Write Options

When writing data to a table, there are multiple ways to determine how the data will be written. When you configure a target table or target model, the Write Options tab lets you determine how you will store your processed data and handle changes to the data over time. The choice of write mode depends on your specific use case.

Write modes matrix

The following table describes the write modes that Prophecy supports by SQL warehouse and gem type.

Write mode	Databricks table	Databricks model	BigQuery table	BigQuery model	Snowflake model
Wipe and Replace Table	✔	✔	✔	✔	✔
Append Row	✔	✔	✔		✔
Merge - Upsert Row	✔	✔	✔	✔	✔
Merge - Wipe and Replace Partitions	✔	✔	✔	✔
Merge - SCD2	✔	✔	✔	✔	✔
Merge - Wipe and Replace Rows Per Predicate	✔	✔
Merge - Delete and Insert					✔

Write modes

Wipe and Replace Table (default)

Replaces all existing data with new data on each run.
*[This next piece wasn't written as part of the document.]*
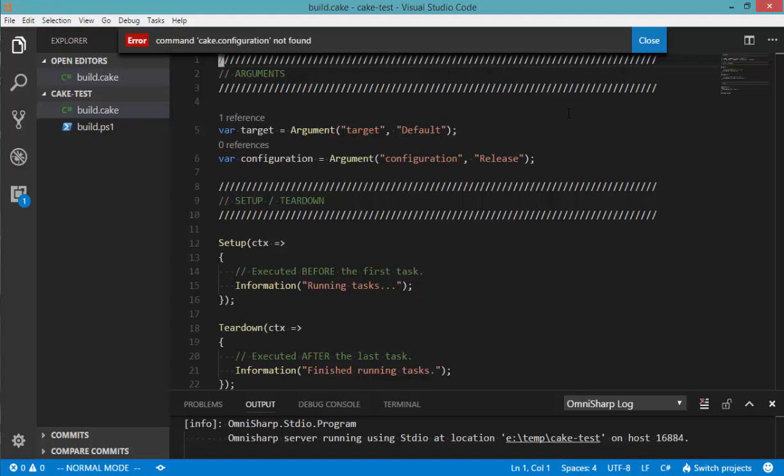So long story short, if you do have the 0.10.0 release of the Visual Studio Code extension for CAKE installed, go ahead and update to the 0.10.1 release, which does work. Thank you very much.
This is the simplest approach and ensures your target table always reflects the latest state of your source data.

info

The incoming table must have the same schema as the existing table.

Example: Replace vehicle registry

A full vehicle registry is refreshed each day, replacing all prior records with the latest list.

Incoming table

VEHICLE_ID	TYPE	REGISTERED_AT
201	Bus	2024-01-15
202	Train	2024-01-16

Existing table

VEHICLE_ID	TYPE	REGISTERED_AT
101	Bus	2023-12-01
102	Tram	2023-12-02

Updated table

VEHICLE_ID	TYPE	REGISTERED_AT
201	Bus	2024-01-15
202	Train	2024-01-16

Notice that all previous records (vehicles 101 and 102) have been completely removed and replaced with the new incoming data.

Partition the target table (BigQuery only)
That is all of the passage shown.